While clearly acknowledging the importance and value of the First Amendment, Judge Kleinberg goes on to recognize that the First Amendment applies to speech on the Internet and that the primary purpose of the guarantee is to prevent prior restraints on publication. He ruled, accordingly, that “the issue of prior restraint is not before the Court,” and cited the California Supreme Court’s decision in DVD Copy Control Association v. Bunner that “the First Amendment does not prohibit courts from incidentally enjoining speech in order to protect a legitimate property right. ... It is something of a mystery as to how free and open debate is frustrated by offering property protection to trade secrets. ... The mere fact that DVD CCA’s trade secrets may have some link to a public issue does not create a legitimate public interest in their disclosure.”
Judge Kleinberg’s ruling stated that “the United States and California Supreme Courts have underscored that trade secret laws apply to everyone regardless of their status, title or chosen profession.
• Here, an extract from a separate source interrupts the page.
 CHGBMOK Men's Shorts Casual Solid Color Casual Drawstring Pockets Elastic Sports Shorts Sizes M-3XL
The California Legislature has not carved out any exception to these statues for journalists, bloggers or anyone else.”
One of the most disturbing aspects of Judge Kleinberg’s ruling is a passage stating California’s trade secret statutes reflect a “strong commitment to the protection of proprietary business information,” and that the “statutes also support the compelling interest of disclosure which may, in the proper civil case, outweigh First Amendment rights.”
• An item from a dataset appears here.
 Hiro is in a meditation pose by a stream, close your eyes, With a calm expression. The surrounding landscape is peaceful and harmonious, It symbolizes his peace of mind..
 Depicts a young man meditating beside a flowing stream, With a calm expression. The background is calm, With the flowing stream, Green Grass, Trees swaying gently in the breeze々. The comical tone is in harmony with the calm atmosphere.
That proprietary business information trumps the First Amendment is shocking but certainly not surprising. Not in this climate that began in 1886. That’s when the US Supreme Court is said to have decided that corporations are persons under the Fourteenth Amendment. Except the US Supreme Court—nor any other US court—has never made any such decision. From then on, corporations were granted the rights and freedoms of private citizens with none of the responsibilities. Not for nothing, that case was also centered in Santa Clara County, California.
As a result of the 1886 case, the idea of corporate personhood gained a foothold in the culture. The idea that a corporation—an artificial construct—created by a government granting a corporate charter and owned by shareholders, is a person is an absurd legal fiction perpetrated by the powerful and wealthy to consolidate their power and wealth.
So, here we have the 120-year-old legal fiction of corporate personhood resting on a court decision that never happened. What is that, like legal fiction cubed?
Seemingly all a corporation has to do to prevent information about it from being published, based on Judge Kleinberg’s decision, is claim “trade secret” protections on every thing it does.
As I’ve written numerous times in the past, Sidney Jourard made a compelling discovery about human behavior: it’s all based on maintaining or enhancing the self-image. Corporate America has bastardized Jourard’s astute observation and warped the law to fit its collective self-image: all law is based on maintaining or enhancing the corporation. Judge Kleinberg is just playing along.